▶ _Task to carry out_:
Print this span of the material below exactly: the line with "Lacivert Kahverengi Kareli Merino Yün Gömlek", the line with "Netgear ProSAFE GS100", and every line between them, but nothing else.

··· Record set

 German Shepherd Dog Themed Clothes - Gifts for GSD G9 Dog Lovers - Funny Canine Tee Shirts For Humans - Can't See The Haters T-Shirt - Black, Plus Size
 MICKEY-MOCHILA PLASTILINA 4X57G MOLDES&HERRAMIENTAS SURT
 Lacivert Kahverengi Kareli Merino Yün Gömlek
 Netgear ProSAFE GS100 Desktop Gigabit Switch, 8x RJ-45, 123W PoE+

······
··· Record set

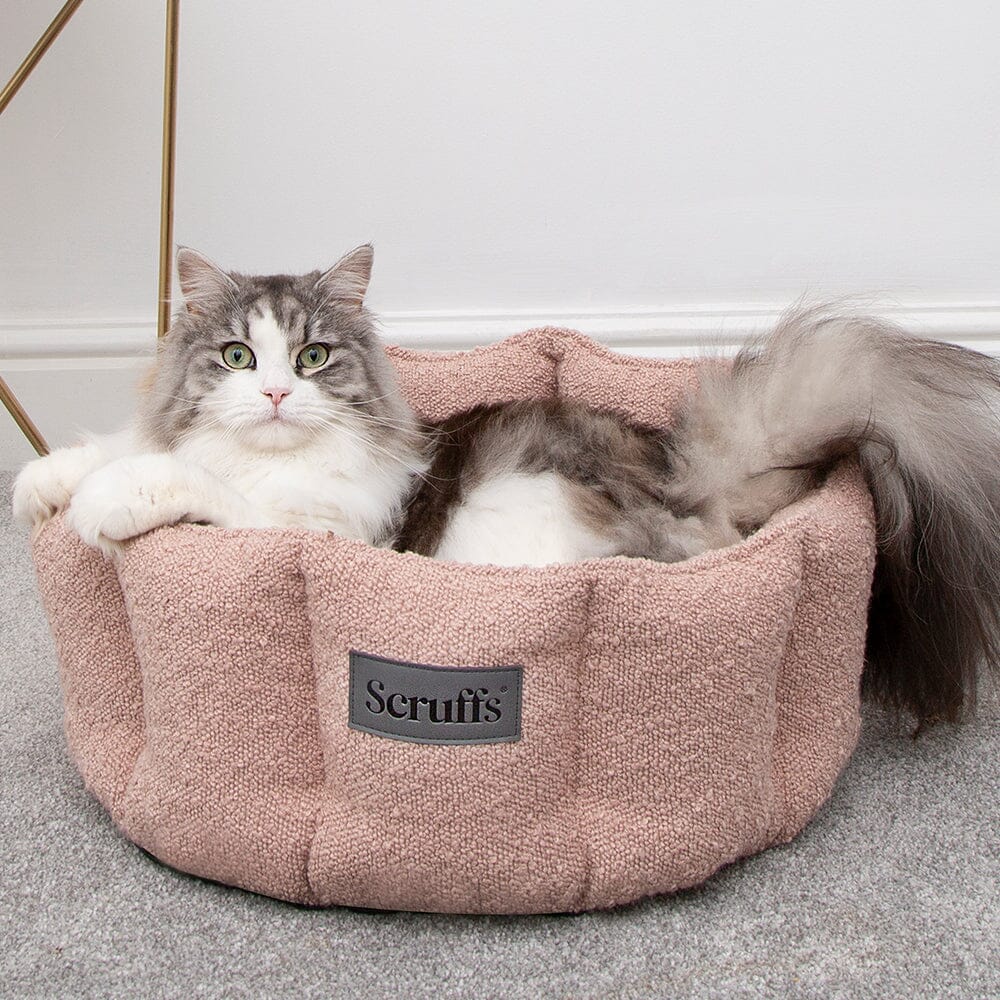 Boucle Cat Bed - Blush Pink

······

▶ _Response below_:
 Lacivert Kahverengi Kareli Merino Yün Gömlek
 Netgear ProSAFE GS100 Desktop Gigabit Switch, 8x RJ-45, 123W PoE+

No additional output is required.